Planners slam rogue designers as forum puts focus on functionality.
Peter Rees, city planning officer from London spoke of the danger of taking architects who create buildings simply to promote "anarchy" too seriously.
"Out there now, there are a lot of architects who produce really bad designs just to be provocative. What they don't seem to understand, what we don't seem to understand in promoting them, is that it doesn't make any sense to do something crazy--like, for instance, to build an art gallery with no vertical walls or a fire station where you can't get the fire truck through the door. If a design is not functional, it doesn't matter how provocative it is, it's still bad design," Rees said.
New York's director of city planning, Amanda Burden agreed. "We have to decide here, what aspects of design make a great city. Should we only be focusing upon great architecture as we have been doing so much of lately, or should we be focusing on the more all encompassing aspects of city planning and how to improve the quality of life for the city's residents. I think improving quality of life is probably the primary goal that each of us is trying to achieve," Burden said.
Cheong Koon Hean, chief executive officer of the Urban Redevelopment Authority, the national planning and conservation authority of Singapore, spoke of how the city's original geography helps to determine whether a city will be inundated with iconic buildings or not.
"When you are talking about iconic architecture you have to take into account whether you go the route of Dubai, where there is no setting really in the middle of the desert, and build lots of iconic architecture, or Vancouver where the city is really built into the setting and there is not such a drive for iconic architecture. We always have to look at the quality of architecture in the context of how it blends into the fabric of the city," Heart said.
Panelists revisited the idea of placemaking, a term coined in the late 1970's to describe the creation of waterfronts, streets and public squares; in examining ways city planners could draw more scenery out of city landscapes and make their residents more comfortable.
"We like to think that landscape architecture is the glue that can hold the city together," said Kairos Shen, the director of planning at the Boston Redevelopment Authority, the economic development and planning agency for Boston, Massachusetts.
"We have done that in attempting to knit back the Emerald necklace," Shen added referring to the Olmstead designed series of parks restored over several generations in Boston.
Hean said Singapore may have followed New York's example with Olmstead's Central park, as a model in reclaiming a substantial partial of land to help cleanly blend the lines between the old city, and the new city that began developing about twenty years ago as more people began teeming into the country.

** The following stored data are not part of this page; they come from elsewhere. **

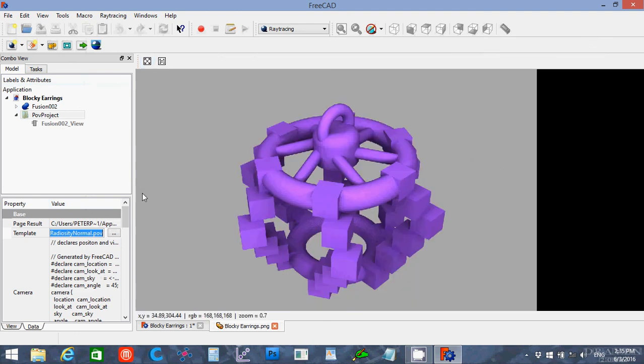Okay. And now I have the entire object in an image. And that's pretty much all there is to using the ray tracing workbench. Thank you for watching. Goodbye.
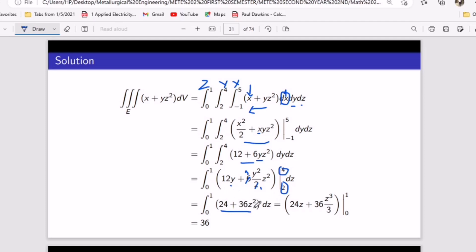After integrating with respect to z, you get 24z + 12z³. Substituting the z-limits gives a final answer of 36. You can also use a calculator for this, but understanding the process is important. Practice partial integrals — integrate with respect to each variable in turn, then partially differentiate back to verify you recover the original function. That is how you confirm your answer is correct.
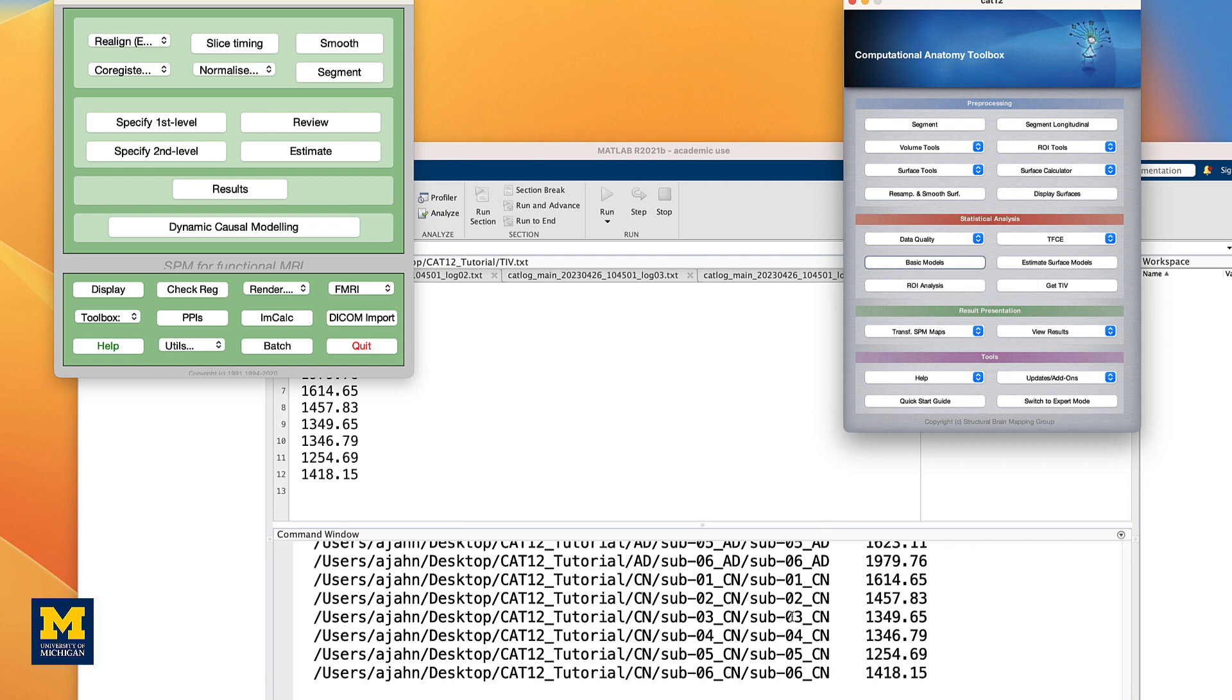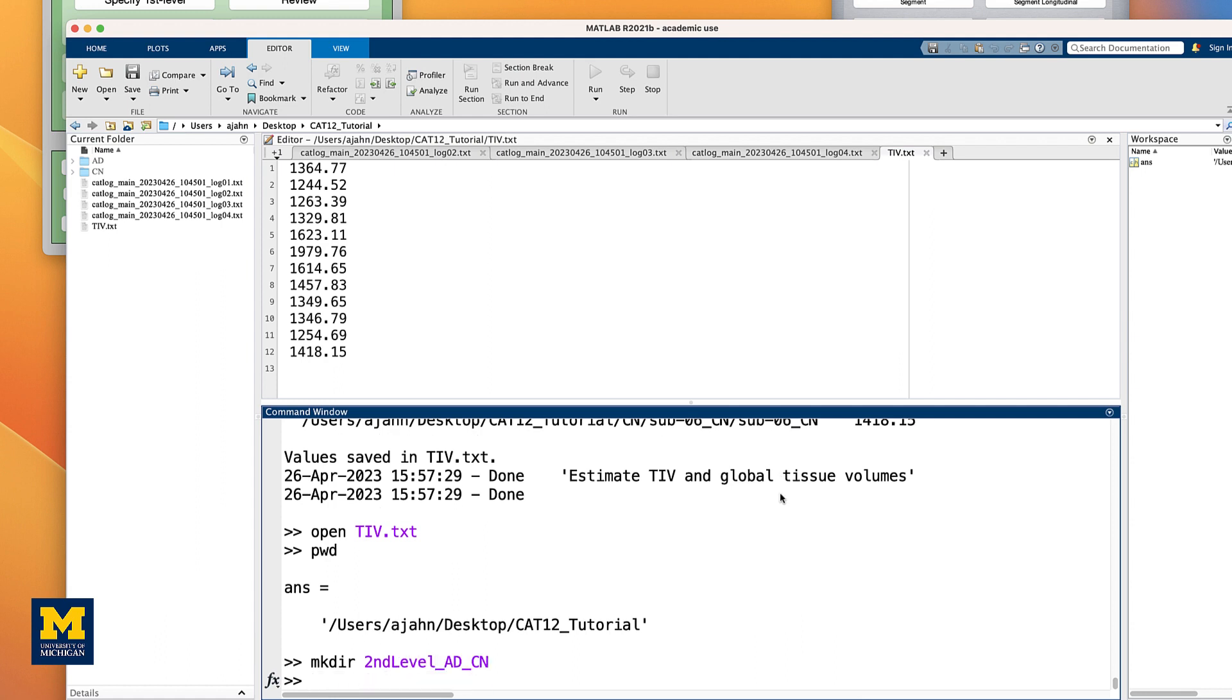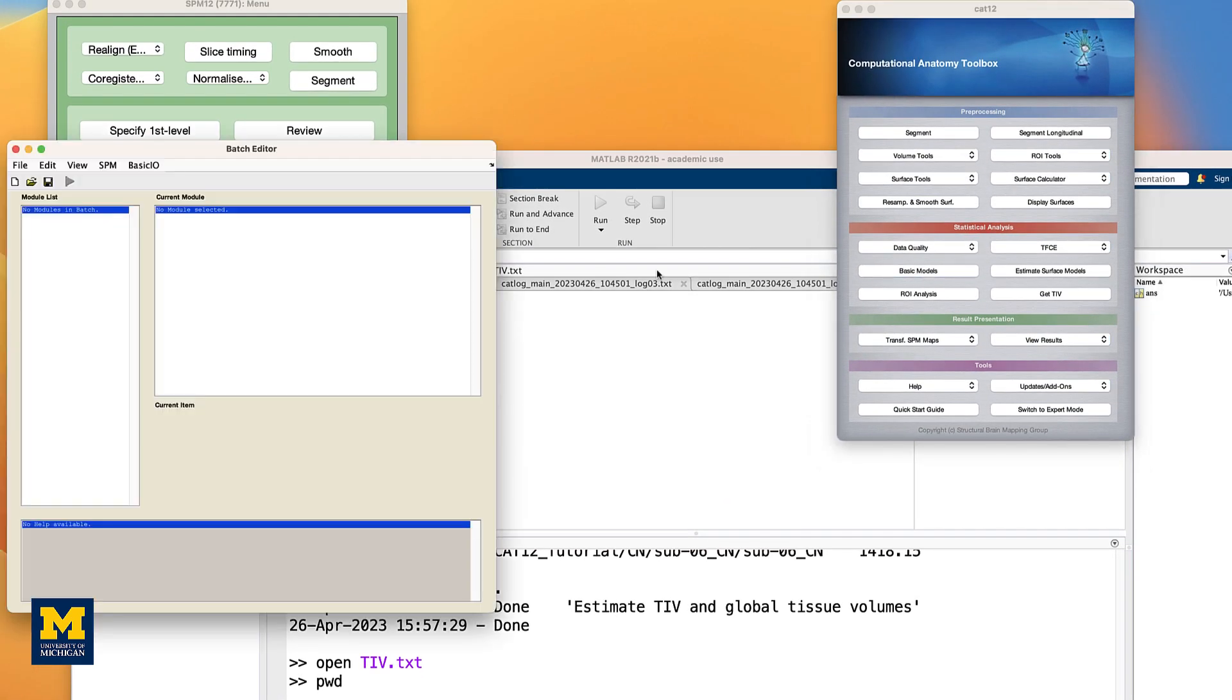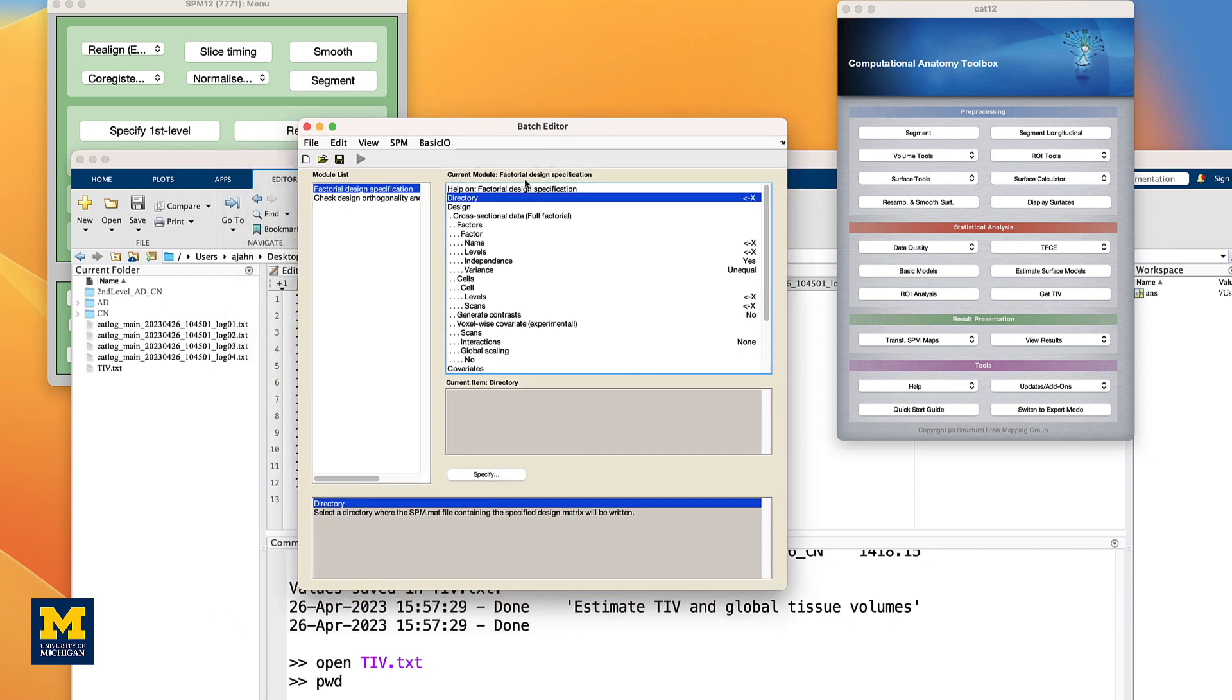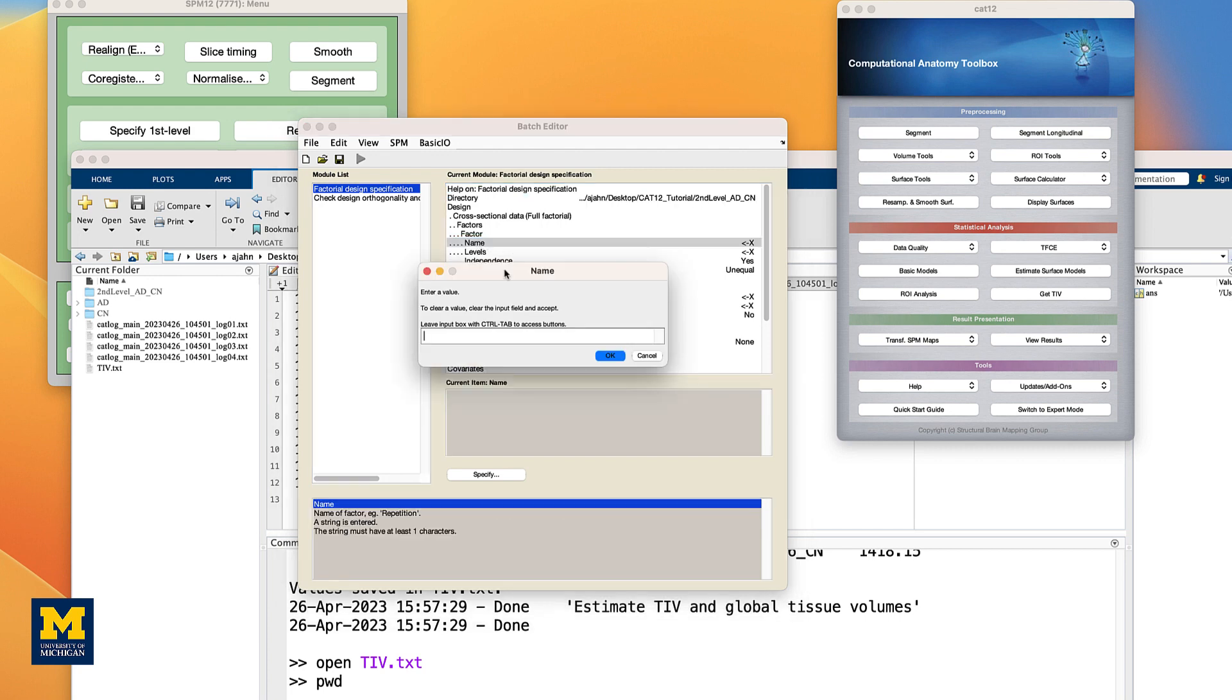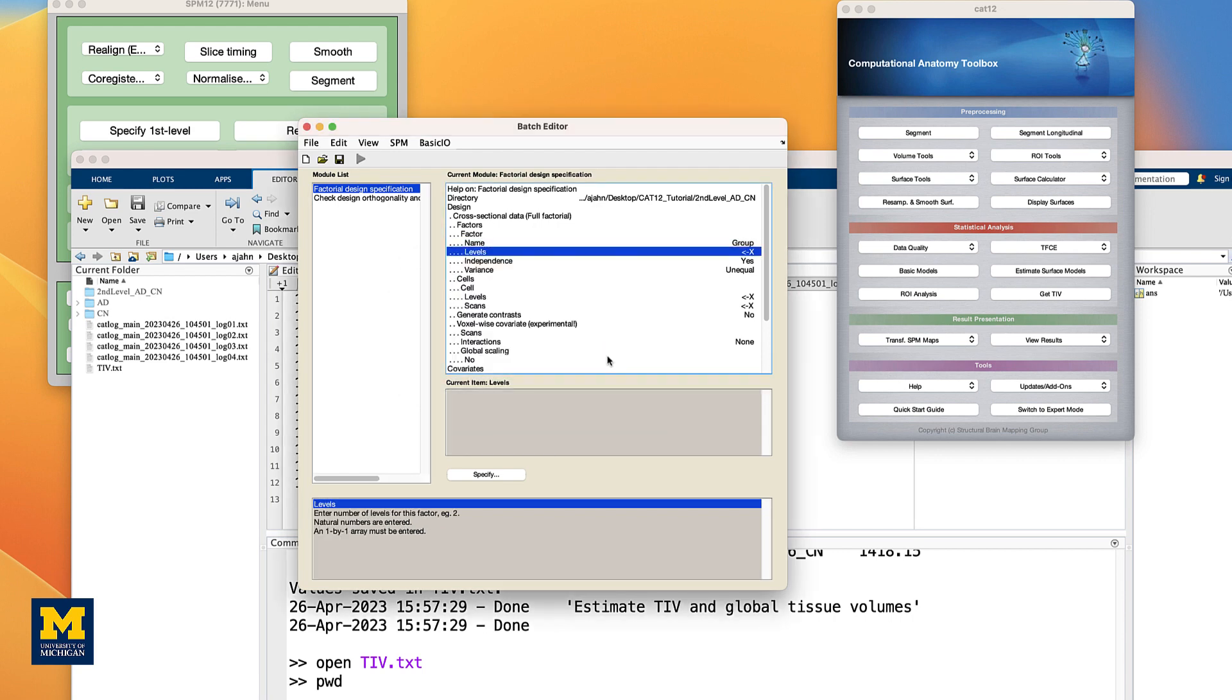Before we do that, however, use the MATLAB terminal to navigate to the CAT12 tutorial directory, and then type MKDIR Second Level ADCN. Then, click on Basic Models, and double-click Directory, selecting this new directory you just created. Click Done. Under Factors, change the name to Group, and set the number of levels to 2. Leave the independents and variants as the defaults.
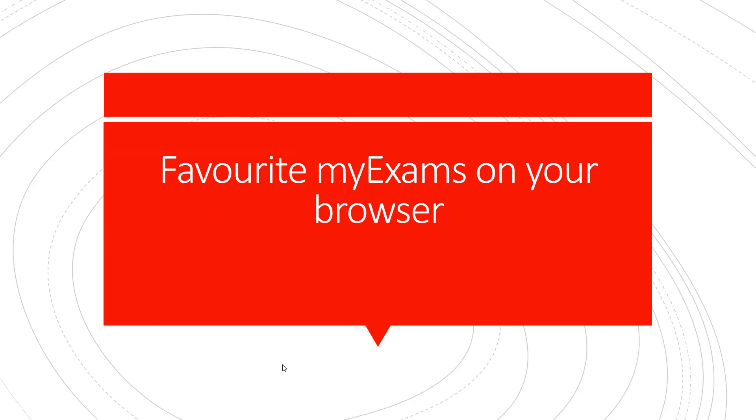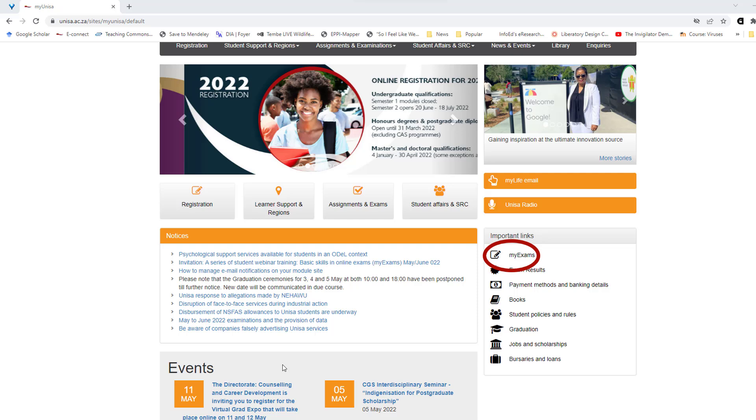Favorite my exams on your browser. You can find the my exams instance on myunisa on the myunisa site under important links. Click on my exams.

Leaders also advocated the use of infrastructure projects to gain leverage on large scale city projects. They drew examples of this from Boston's Big Dig, the $2.8 billion projects to relocate much of Boston's labyrinthine highway system underground, and the World Olympics which in the past has helped regenerate areas of London's East End and Vancouver.
In response to an audience members question about why Mayor Bloomberg quietly withdrew New York vying to be the host cities of the Winter Olympics 2008 Burden said Bloomberg did so because he had looked at New York from a wider scope.
In doing so he saw that compared to the other Olympic host candidates New York was a city that was already built up past it's edges, implying that before we thought of bringing an influx of people into the city, leaders had to find a way to create a little more space.